_Goal of the exercise_
Give back, unchanged, the lines from the one containing "Preview for 3" to the end of the listing, inclusive of both.
━━ Data shown ━━
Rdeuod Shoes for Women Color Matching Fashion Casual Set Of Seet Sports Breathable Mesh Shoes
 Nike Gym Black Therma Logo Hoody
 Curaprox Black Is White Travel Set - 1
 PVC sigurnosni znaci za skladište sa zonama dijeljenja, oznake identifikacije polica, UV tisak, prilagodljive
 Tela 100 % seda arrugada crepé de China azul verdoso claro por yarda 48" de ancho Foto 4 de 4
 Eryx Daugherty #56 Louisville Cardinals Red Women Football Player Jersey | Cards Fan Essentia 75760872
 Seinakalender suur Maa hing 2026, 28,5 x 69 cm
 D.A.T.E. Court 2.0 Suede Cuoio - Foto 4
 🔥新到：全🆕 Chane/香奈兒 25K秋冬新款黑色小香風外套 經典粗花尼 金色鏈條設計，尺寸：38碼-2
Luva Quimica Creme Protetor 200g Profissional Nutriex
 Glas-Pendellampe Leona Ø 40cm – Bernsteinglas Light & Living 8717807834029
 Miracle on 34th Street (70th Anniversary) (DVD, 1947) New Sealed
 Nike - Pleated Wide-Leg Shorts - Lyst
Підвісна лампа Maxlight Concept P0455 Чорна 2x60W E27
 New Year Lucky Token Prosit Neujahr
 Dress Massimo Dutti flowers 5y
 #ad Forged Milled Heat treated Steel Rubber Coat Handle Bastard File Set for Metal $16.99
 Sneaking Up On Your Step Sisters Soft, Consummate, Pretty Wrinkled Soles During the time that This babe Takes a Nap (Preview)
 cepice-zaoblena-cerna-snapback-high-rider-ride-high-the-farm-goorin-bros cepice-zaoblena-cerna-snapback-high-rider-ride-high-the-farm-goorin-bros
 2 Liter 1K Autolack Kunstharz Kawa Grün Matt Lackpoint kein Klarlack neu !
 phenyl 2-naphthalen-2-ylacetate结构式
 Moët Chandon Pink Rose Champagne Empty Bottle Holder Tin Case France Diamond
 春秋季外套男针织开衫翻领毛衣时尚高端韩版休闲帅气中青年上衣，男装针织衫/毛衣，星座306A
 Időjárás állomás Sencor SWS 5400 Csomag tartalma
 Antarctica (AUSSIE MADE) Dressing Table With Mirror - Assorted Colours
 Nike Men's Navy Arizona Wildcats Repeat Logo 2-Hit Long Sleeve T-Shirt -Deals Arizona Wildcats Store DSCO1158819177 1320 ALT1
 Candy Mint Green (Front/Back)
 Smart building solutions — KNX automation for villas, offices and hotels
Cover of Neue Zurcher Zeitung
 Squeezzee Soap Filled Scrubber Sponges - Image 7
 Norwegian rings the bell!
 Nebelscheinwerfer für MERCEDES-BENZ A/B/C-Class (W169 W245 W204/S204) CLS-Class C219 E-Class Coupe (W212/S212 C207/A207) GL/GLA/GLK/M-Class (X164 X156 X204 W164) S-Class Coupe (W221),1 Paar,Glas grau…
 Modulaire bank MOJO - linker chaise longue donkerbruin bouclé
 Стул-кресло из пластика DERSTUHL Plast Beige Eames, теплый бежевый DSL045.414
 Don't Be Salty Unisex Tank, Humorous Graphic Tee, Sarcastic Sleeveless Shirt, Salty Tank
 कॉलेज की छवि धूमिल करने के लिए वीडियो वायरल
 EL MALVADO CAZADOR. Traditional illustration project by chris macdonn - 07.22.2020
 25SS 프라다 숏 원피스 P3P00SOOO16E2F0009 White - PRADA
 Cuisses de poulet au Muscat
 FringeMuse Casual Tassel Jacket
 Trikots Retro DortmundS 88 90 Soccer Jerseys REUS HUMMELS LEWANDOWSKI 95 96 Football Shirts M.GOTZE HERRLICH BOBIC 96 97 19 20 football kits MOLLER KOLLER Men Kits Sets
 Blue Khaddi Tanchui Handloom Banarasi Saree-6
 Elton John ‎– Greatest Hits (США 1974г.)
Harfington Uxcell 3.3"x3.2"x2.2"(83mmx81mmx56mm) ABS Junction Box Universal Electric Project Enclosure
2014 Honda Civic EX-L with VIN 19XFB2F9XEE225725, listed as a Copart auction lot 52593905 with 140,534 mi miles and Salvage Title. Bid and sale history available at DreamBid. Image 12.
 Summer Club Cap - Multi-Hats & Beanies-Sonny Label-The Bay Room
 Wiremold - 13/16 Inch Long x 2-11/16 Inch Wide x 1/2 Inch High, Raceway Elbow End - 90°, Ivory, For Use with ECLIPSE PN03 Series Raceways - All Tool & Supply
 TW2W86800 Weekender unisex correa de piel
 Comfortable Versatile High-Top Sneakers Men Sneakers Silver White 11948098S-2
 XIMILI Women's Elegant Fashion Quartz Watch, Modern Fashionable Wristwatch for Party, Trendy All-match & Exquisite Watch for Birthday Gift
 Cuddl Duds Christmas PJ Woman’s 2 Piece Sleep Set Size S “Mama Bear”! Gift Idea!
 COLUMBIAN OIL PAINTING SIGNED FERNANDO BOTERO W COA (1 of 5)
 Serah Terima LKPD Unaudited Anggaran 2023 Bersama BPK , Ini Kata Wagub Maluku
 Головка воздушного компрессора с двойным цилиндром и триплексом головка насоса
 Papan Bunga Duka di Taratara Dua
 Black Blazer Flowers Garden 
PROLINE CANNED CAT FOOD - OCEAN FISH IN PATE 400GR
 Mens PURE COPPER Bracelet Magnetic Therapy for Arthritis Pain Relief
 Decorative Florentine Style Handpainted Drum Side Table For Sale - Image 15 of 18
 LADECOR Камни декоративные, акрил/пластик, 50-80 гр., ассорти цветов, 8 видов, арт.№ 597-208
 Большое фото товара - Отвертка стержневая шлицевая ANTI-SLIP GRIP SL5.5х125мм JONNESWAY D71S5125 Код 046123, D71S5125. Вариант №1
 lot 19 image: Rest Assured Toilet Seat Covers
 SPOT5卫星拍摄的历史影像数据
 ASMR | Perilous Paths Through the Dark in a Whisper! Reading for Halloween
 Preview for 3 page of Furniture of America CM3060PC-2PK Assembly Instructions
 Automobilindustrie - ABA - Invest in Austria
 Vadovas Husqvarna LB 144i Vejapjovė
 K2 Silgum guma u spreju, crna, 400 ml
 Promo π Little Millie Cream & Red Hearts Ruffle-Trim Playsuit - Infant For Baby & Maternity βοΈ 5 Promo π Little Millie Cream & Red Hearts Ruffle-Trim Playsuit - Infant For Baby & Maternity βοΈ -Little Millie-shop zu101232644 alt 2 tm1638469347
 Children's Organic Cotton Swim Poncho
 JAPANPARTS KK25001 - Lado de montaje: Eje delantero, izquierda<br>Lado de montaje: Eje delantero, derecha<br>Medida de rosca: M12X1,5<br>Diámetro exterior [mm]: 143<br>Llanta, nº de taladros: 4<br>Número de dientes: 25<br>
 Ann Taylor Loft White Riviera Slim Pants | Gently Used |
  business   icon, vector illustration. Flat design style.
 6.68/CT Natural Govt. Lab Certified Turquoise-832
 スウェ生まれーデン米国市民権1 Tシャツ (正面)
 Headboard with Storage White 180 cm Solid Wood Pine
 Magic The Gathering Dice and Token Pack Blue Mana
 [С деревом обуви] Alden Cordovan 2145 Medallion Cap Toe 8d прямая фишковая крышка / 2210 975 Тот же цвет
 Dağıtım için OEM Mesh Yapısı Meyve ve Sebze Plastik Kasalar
━━━
_Written solution_
 Preview for 3 page of Furniture of America CM3060PC-2PK Assembly Instructions
 Automobilindustrie - ABA - Invest in Austria
 Vadovas Husqvarna LB 144i Vejapjovė
 K2 Silgum guma u spreju, crna, 400 ml
 Promo π Little Millie Cream & Red Hearts Ruffle-Trim Playsuit - Infant For Baby & Maternity βοΈ 5 Promo π Little Millie Cream & Red Hearts Ruffle-Trim Playsuit - Infant For Baby & Maternity βοΈ -Little Millie-shop zu101232644 alt 2 tm1638469347
 Children's Organic Cotton Swim Poncho
 JAPANPARTS KK25001 - Lado de montaje: Eje delantero, izquierda<br>Lado de montaje: Eje delantero, derecha<br>Medida de rosca: M12X1,5<br>Diámetro exterior [mm]: 143<br>Llanta, nº de taladros: 4<br>Número de dientes: 25<br>
 Ann Taylor Loft White Riviera Slim Pants | Gently Used |
  business   icon, vector illustration. Flat design style.
 6.68/CT Natural Govt. Lab Certified Turquoise-832
 スウェ生まれーデン米国市民権1 Tシャツ (正面)
 Headboard with Storage White 180 cm Solid Wood Pine
 Magic The Gathering Dice and Token Pack Blue Mana
 [С деревом обуви] Alden Cordovan 2145 Medallion Cap Toe 8d прямая фишковая крышка / 2210 975 Тот же цвет
 Dağıtım için OEM Mesh Yapısı Meyve ve Sebze Plastik Kasalar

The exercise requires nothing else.